Cercai subito un asilo nido e contai sull’aiuto del mio compagno che ci sapeva fare con i bambini e adorava stare con loro. A casa ci dividevamo i compiti, la sera se uno di noi due aveva un impegno, l’altro stava con la bambina. Se si vuole fare carriera si dà priorità alla professione.

Oggi per i 50 anni di voto alle donne si torna a parlare di Iris von Roten e del suo manifesto femminista, ma in tutti questi anni entrambi sono passati nel dimenticatoio. Perché?
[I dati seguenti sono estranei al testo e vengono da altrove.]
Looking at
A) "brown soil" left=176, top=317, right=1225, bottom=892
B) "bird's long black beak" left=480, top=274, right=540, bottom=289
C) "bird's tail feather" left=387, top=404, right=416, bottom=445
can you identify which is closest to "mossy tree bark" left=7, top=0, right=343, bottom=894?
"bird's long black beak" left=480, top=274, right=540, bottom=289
Lasciandomi i diritti del suo libro mia madre mi ha investita di una grossa responsabilità. Ho sempre pensato che se non avessi fatto la cosa giusta di notte mi sarebbe apparsa in sogno. La verità è che il libro è stato messo a tacere. Diverso tempo fa mi sono imbattuta nella bibliografia di una dissertazione del 1960 sulla letteratura femminista svizzera in cui veniva citato ogni più insignificante testo apparso sul tema in improbabili riviste. Solo Frauen im Laufgitter mancava all’appello. Ma questo era lo spirito del tempo.
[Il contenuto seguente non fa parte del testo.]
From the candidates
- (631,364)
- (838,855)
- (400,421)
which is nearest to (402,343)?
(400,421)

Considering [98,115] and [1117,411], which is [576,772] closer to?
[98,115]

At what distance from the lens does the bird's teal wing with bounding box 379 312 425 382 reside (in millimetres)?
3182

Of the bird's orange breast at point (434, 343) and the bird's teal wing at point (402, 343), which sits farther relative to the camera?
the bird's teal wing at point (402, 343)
Il libro venne fatto a pezzi e tacciato di pornografia, non ci fu un vero dibattito sulla sostanza dei contenuti. Si costruirono dei pettegolezzi per poi apostrofarlo come un testo indecente. Poi arrivarono le giovani femministe di sinistra che non vollero avere nulla a che fare con la borghese Iris von Roten. Poco è cambiato se guardiamo Alice Schwarzer, icona del femminismo tedesco, che per altro ammiro molto. Non ha voluto condividere la notorietà con chi prima di lei ha scritto la prima opera esaustiva sulla condizione femminile. Eppure mia madre nel suo libro si occupa di tutte le donne, dalla viziata donna altoborghese alla donna delle pulizie. Al di là delle sue idee, era proprio la figura della giurista Iris von Roten a dare fastidio. I suoi modi diretti non piacevano.

Mia madre era un’individualista con un grosso ego che metteva sul piatto le sue rivendicazioni dicendo «io voglio ciò che mi spetta di diritto» e non giocava a fare la vittima. Anche per questo risultava scomoda.